Twenty-three individuals (50%) maintained the same nocturnal systolic and diastolic BP fall profile, “dipper” (n=14) or “nondipper” (n=9), designated as the “maintained” group. In 23 individuals (50%), the nocturnal BP fall profile changed, from dipper to nondipper (n=16) or from nondipper to dipper (n=7), called the “changed group.” The maintained and changed groups were not different in relation to age, body mass index, gender, plasma renin activity, aldosterone, catecholamines, and 24-hour urinary potassium excretion.
However, it was observed that, in the changed group, the subgroup that changed from dipper (ABPM 1) to nondipper (ABPM 2) had a significant increase in nocturnal BP on ABPM 2 (123±16 to 131±19 mm Hg; P<0.05) and lower urinary sodium excretion (151±65 versus 112±48 mEq/24 hours; P<0.05) and a negative correlation between the difference in nighttime ambulatory systolic BP (ABPM 1 − ABPM 2) and in 24-hour urinary sodium excretion (r=−0.63; P=0.01).

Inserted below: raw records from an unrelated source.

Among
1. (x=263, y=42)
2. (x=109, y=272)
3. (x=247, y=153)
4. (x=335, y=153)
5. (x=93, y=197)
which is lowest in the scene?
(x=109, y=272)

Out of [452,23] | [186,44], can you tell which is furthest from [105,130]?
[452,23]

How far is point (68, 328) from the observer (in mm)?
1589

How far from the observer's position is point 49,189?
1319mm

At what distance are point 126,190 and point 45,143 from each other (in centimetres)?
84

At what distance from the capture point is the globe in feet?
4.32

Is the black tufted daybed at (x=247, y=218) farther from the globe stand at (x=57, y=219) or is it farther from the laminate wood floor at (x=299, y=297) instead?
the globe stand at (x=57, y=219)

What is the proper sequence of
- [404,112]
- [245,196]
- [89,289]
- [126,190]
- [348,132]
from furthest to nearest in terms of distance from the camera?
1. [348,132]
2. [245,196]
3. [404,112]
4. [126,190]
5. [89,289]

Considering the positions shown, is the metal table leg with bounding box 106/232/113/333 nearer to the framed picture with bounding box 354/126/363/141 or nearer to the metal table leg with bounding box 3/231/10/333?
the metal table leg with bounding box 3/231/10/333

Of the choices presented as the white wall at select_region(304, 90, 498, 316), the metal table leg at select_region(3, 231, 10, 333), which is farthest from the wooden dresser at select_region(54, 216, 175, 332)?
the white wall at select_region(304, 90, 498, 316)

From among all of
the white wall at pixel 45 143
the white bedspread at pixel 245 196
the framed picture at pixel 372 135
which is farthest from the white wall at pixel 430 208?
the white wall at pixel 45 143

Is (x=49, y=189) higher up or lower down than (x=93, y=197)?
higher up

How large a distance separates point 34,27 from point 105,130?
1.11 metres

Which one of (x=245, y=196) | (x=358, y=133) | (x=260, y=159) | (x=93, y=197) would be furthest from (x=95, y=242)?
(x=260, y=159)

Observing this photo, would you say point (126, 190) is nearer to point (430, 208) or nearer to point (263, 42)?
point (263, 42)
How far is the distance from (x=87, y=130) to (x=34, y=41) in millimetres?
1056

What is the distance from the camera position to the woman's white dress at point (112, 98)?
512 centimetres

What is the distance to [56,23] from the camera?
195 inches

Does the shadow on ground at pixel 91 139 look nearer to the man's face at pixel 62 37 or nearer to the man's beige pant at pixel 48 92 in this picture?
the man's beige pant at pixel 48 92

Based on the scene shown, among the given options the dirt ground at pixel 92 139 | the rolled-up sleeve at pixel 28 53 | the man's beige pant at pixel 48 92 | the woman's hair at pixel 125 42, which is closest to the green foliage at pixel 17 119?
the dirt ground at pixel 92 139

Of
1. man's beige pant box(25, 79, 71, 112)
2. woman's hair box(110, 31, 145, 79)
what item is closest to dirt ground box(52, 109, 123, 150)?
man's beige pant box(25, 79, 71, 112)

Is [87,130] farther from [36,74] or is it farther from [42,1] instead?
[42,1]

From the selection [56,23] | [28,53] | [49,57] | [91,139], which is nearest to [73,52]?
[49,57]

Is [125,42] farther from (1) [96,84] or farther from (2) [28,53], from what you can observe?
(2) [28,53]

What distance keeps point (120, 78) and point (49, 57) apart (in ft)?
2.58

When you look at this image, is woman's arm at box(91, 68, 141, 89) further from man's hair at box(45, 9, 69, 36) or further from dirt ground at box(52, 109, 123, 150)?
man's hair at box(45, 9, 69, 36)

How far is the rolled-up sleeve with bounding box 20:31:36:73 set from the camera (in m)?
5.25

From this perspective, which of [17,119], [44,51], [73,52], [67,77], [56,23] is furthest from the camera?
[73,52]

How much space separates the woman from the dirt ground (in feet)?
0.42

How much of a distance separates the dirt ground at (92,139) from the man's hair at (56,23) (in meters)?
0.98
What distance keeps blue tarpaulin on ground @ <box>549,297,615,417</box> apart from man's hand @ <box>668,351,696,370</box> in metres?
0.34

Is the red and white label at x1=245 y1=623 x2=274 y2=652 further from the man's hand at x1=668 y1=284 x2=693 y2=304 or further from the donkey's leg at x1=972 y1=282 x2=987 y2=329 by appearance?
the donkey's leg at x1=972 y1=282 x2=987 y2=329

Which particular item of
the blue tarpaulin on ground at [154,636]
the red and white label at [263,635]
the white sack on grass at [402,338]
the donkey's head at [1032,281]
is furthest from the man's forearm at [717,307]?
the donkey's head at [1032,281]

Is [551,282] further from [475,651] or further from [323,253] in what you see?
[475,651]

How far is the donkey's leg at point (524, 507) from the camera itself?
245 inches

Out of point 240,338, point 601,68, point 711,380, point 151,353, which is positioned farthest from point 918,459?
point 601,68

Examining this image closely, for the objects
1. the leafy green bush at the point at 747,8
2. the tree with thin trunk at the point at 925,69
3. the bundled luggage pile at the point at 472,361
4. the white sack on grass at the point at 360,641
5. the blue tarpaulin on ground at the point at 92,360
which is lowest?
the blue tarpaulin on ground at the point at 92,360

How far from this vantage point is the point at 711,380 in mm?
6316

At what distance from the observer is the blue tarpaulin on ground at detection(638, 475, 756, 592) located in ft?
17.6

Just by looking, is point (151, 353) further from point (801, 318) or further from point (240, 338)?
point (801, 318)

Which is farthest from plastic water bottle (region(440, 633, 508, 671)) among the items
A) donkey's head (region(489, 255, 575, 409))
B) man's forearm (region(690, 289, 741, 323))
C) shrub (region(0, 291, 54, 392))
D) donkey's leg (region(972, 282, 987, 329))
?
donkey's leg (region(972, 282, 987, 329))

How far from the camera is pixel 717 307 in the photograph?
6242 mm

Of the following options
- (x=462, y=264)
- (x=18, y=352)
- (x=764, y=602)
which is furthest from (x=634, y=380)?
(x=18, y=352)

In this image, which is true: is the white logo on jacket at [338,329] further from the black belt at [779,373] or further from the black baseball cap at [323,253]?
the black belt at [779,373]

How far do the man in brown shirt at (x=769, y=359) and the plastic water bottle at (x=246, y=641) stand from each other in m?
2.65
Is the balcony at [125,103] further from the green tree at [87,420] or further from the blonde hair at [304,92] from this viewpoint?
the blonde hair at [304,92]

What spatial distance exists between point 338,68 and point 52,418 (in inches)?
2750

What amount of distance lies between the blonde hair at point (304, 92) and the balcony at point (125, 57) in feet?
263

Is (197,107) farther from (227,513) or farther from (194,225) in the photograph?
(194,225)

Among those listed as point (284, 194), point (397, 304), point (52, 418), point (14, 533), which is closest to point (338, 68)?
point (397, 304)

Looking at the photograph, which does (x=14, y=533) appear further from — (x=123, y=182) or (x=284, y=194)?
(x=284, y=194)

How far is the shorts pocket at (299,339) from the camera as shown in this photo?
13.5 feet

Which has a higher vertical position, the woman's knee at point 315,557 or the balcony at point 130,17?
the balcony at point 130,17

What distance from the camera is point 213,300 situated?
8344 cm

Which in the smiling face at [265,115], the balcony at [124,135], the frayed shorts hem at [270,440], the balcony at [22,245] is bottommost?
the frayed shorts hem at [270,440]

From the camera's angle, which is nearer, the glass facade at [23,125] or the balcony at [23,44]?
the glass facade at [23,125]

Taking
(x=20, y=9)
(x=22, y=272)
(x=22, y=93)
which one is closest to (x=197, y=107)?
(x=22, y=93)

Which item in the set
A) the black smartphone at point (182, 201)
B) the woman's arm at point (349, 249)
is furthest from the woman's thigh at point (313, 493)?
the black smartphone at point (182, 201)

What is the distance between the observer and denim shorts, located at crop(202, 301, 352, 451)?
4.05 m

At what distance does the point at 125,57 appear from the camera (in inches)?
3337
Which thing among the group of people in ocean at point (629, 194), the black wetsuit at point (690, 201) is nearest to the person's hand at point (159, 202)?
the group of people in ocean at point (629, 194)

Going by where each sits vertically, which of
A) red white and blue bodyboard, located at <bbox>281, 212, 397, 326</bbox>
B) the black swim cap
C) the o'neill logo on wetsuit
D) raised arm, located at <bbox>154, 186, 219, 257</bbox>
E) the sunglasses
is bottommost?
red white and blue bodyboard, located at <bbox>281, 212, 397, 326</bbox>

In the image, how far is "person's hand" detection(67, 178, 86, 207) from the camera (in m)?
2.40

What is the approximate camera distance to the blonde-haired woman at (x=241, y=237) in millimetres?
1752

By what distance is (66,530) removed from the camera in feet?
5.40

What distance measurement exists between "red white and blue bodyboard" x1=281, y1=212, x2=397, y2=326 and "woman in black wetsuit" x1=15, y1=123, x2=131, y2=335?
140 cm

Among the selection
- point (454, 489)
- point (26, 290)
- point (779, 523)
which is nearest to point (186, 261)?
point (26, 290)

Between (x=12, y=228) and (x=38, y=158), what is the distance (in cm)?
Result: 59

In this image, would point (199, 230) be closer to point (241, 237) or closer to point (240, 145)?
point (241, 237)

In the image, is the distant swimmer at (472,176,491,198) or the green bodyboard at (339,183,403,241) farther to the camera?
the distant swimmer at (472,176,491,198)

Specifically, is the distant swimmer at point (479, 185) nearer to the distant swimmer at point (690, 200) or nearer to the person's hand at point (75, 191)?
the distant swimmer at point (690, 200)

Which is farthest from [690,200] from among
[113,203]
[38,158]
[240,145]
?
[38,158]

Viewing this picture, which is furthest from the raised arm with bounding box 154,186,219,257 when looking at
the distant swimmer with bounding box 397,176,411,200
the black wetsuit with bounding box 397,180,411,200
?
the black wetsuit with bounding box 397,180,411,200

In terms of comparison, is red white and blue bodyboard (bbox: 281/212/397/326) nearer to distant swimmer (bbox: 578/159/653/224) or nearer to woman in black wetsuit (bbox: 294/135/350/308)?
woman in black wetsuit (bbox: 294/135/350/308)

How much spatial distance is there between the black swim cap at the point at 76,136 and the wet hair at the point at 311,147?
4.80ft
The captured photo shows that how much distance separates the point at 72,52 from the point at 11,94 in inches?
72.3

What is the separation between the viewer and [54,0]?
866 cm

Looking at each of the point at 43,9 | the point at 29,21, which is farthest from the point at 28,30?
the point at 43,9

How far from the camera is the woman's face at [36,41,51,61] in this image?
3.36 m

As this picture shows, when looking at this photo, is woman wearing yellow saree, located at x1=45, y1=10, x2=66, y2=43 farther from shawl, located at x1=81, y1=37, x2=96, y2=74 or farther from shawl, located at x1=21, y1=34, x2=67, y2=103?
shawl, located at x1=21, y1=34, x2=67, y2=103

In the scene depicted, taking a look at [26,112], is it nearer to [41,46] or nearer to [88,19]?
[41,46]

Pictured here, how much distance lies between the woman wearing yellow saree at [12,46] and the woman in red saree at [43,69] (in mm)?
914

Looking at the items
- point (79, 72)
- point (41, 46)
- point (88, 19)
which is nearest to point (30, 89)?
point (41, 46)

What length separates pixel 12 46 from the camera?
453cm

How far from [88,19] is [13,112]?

A explanation for this finding could be that the subjects in this subgroup probably had an elevation in nocturnal systolic BP during the second 24-hour recording because of lower sodium excretion in the daytime, as showed by Bankir et al.1 For a better understanding of this subject, further studies should be done to investigate the sodium excretion during daytime and nighttime in two 24-hour ABPM recordings.
Source of Funding
This work was supported by a grant from FAPESP (03/08257-9).
Bankir L, Bochud M, Maillard M, Bovet P, Gabriel A, Burnier M. Nighttime blood pressure and nocturnal dipping are associated with daytime urinary sodium excretion in African subjects. Hypertension. 2008; 51: 891–898.
Ortega KC, Mion D Jr. Sodium excretion and nocturnal blood pressure fall. World Congress of Nephrology 2007; April 21–25, 2007; Rio de Janeiro, Brazil. Book of Abstracts WCN T-PO-. 2007; 1171: 387.